Solex is a studious exploration of the industrial sans serif genre. It marks an intersection of ideas that grew from two or three separate periods of development over the past hundred years.
The general source is a class of slightly condensed, rectangular, grotesque types made for newspaper ads and handbills from the turn of the 19th century such as Alternate Gothic (1903), Standard Gothic (1896) and News Gothic (1908).
The specific source of inspiration for Solex is Bauer Topic (aka, Steile Futura) designed in 1950 by Paul Renner, who also designed the larger and more influential Futura series more than 20 years earlier. In Solex, Licko has preserved the lone foot serif introduced by Renner at the base of many italic characters: a, d, h, k, l, m, n, u; and has added others where Renner did not: i, x. Licko has also introduced a head serif on letters where Renner put none: i, l, x. The added head serifs give Solex a trait often associated with monospaced fonts and typewriter faces, and give the i, l, and x two apiece.

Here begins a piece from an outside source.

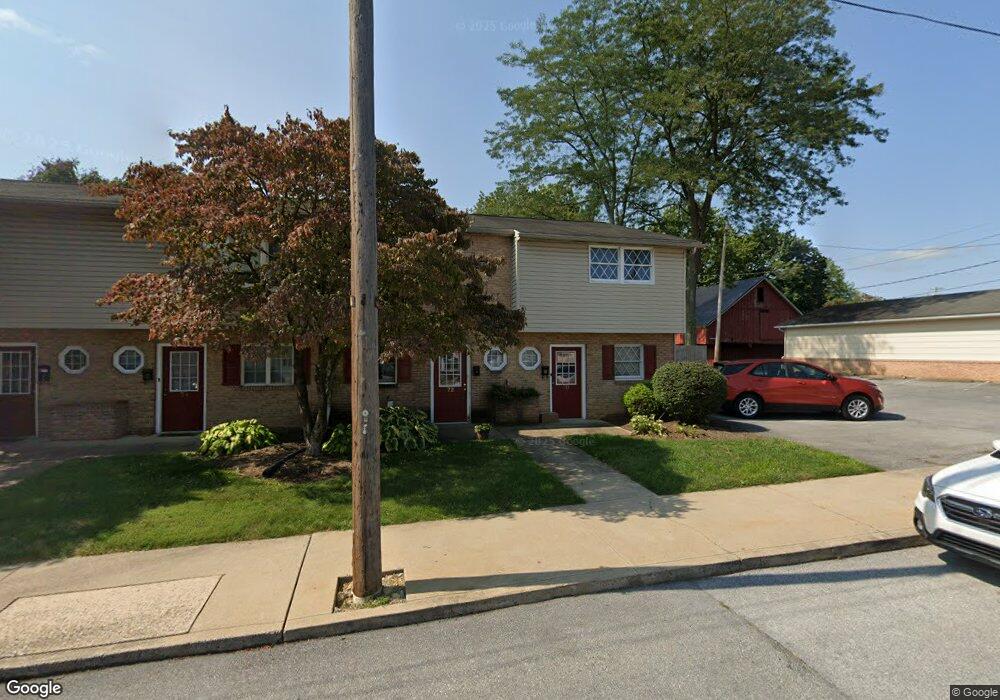 104 S Broad St, Waynesboro, PA 17268 - photo 1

Solex also revisits postmodern themes seen in Erik Spiekermann’s digital milestone, Meta Sans, and its cousin, Officina Sans. In both Licko’s and Spiekermann’s designs we find a measure of rigidity, linearity, and noncalligraphic monotone. Indeed, Solex even shows faint signs of going in the direction of Matthew Carter’s series, Bell Centennial, with respect to the narrow (almost trapezoidal) bowls, slimmed interior strokes, and pronounced traps. All the same, Solex has a look of its own in text settings, and it will likely find a place for itself among numerous other condensed grotesques in the years ahead.